En cualquier frecuencia o banda del espectro, se puede modular con cualquier método.
Esto quiere decir que, en la banda de 550 ~ 1600 KHz, se puede modular en AM (convenio establecido) o en FM y en PWM, PCM, etc.
En esta banda no se utiliza la modulación FM, debido a que el ancho de banda que se pruduce en cada frecuencia, con este sistema, ocupa uno 50 KHz  y, el ancho total de la Banda de Onda Media es de tan sólo 1050 KHz (apenas 1 MHz). Por lo tanto, sólo se podrían distribuir en la banda, unas 20 emisoras.
El máximo ancho de banda permitido en esta banda, es de 15 KHz (10 para el canal y 5 para resguardo entre emisoras), lo cual permite la distribución de aproximadamente 100 emisoras.

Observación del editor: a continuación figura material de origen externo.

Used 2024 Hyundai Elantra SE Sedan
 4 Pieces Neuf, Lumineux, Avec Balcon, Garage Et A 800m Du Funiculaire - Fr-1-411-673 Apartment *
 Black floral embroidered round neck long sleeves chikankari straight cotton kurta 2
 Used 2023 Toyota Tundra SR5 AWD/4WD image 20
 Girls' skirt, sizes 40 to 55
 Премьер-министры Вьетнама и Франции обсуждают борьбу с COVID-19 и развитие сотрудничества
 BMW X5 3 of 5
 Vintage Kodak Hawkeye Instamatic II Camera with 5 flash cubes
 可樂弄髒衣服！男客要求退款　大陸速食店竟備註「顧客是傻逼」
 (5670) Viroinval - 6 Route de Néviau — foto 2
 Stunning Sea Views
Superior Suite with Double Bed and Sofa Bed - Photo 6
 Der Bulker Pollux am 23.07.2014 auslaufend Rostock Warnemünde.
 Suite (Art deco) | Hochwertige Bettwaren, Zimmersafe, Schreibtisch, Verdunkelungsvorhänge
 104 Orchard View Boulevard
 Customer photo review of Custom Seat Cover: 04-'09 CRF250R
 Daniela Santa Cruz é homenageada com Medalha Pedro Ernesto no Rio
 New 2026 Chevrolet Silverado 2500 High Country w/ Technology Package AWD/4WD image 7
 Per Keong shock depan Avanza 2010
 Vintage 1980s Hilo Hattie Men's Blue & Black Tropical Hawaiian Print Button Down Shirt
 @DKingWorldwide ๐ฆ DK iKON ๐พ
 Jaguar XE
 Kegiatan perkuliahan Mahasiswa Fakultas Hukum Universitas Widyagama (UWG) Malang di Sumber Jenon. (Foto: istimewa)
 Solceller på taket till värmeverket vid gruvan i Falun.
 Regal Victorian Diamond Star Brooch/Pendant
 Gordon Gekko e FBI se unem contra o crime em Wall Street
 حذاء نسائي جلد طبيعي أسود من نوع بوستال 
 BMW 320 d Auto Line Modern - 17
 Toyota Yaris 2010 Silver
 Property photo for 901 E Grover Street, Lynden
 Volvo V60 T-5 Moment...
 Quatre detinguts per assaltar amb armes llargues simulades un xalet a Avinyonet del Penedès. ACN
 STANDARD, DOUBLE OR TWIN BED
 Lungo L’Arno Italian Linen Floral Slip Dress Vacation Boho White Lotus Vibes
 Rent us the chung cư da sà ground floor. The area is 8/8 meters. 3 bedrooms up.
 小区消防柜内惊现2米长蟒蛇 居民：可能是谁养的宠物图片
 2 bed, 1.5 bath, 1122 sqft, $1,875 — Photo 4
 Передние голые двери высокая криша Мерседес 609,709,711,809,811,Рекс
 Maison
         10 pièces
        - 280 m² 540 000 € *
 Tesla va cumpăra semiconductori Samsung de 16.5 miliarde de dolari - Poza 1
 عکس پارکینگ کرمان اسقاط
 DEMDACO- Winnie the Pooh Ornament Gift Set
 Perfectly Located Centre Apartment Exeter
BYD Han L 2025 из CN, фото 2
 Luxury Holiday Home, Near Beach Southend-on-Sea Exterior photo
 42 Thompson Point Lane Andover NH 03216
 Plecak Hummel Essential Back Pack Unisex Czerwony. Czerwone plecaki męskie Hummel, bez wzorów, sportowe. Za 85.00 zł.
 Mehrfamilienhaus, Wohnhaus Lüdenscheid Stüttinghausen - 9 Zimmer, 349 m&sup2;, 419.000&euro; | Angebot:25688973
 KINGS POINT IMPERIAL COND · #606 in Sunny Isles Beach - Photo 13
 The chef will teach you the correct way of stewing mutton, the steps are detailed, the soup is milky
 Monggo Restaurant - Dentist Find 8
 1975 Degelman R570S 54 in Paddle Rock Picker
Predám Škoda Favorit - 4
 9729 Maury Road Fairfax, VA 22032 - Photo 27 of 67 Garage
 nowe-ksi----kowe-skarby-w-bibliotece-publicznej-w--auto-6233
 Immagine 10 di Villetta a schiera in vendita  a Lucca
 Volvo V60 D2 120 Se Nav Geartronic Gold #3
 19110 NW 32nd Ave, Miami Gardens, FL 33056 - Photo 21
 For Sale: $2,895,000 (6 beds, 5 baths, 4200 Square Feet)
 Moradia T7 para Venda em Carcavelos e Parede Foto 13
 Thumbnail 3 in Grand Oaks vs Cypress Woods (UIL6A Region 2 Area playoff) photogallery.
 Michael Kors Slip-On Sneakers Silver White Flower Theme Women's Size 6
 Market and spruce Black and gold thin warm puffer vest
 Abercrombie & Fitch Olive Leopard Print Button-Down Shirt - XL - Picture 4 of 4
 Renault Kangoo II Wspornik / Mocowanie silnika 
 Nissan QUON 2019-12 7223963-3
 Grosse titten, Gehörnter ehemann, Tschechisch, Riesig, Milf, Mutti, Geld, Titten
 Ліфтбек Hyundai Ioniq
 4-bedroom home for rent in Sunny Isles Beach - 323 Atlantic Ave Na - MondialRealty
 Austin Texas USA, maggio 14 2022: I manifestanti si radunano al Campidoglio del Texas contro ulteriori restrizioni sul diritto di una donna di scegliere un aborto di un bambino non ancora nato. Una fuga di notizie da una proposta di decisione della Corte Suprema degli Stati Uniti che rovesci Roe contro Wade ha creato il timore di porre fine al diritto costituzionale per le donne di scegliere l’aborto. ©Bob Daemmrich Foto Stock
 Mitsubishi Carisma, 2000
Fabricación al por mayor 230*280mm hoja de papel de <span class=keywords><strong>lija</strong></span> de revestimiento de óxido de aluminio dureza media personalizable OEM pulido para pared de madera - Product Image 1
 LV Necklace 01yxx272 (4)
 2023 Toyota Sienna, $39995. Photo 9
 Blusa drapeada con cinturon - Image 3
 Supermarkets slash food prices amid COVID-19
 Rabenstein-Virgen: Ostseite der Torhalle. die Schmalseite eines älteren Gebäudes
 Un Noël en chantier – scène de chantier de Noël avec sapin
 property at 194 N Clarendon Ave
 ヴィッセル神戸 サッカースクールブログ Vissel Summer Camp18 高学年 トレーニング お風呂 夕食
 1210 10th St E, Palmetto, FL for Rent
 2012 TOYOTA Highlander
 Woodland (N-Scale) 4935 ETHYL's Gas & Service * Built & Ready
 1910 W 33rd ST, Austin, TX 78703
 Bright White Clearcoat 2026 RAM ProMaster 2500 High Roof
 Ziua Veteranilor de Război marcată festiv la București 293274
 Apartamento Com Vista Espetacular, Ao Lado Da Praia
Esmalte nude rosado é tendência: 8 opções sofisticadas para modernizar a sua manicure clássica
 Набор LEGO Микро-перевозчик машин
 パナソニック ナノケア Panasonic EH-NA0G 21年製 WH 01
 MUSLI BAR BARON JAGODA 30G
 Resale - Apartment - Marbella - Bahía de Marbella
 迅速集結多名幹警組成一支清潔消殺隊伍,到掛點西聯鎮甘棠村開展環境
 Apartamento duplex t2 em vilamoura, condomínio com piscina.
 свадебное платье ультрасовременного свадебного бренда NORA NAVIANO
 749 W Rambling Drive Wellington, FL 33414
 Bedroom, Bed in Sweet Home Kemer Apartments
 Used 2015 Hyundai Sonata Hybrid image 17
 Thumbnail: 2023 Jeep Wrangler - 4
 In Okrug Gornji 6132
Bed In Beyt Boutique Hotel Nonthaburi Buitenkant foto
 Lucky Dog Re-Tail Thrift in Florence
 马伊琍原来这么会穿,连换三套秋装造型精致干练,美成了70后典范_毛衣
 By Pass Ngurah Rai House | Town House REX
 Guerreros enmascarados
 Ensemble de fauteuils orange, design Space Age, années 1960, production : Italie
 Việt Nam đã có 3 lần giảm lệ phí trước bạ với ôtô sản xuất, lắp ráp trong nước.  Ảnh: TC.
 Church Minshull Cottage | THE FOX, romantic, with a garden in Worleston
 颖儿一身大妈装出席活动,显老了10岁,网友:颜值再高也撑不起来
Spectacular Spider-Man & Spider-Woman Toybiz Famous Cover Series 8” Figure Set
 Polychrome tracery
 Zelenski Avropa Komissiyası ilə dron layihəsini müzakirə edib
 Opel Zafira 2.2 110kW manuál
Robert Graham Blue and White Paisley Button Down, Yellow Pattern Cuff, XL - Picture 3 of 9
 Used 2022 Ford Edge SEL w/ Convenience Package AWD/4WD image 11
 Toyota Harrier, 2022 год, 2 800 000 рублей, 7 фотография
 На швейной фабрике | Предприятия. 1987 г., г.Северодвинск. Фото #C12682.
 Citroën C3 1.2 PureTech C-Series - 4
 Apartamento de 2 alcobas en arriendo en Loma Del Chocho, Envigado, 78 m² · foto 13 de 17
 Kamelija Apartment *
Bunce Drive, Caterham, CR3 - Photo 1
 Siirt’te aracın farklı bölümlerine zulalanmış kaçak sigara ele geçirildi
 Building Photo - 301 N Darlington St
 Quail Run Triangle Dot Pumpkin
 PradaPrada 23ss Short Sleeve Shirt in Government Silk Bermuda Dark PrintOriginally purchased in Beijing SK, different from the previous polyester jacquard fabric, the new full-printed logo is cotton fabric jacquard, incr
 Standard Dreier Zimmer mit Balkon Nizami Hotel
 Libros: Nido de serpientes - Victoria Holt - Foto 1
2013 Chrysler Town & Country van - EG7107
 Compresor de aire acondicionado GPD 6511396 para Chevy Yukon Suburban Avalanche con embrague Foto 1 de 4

La banda convenida para emisiones en FM comercial (88 ~ 108 MHz) tiene 20 MHz de ancho, por lo cual, podría albergar hasta 400 canales.

La frecuencia de un oscilador de RF depende del tensión de alimentación, del componente LC (circuito resonante) y cuanta capacidad dispersa asociada al circuito. La aplicación de audio a un circuito oscilante, en cualquier punto, hará que la frecuencia base se desvíe. En el caso del circuito publicado, se aplica audio al par de Rs que determinan la polarización del transistor, por lo cual se producirá un desvío de la frecuencia central fijada, O sea FM, Modulación de Frecuencia.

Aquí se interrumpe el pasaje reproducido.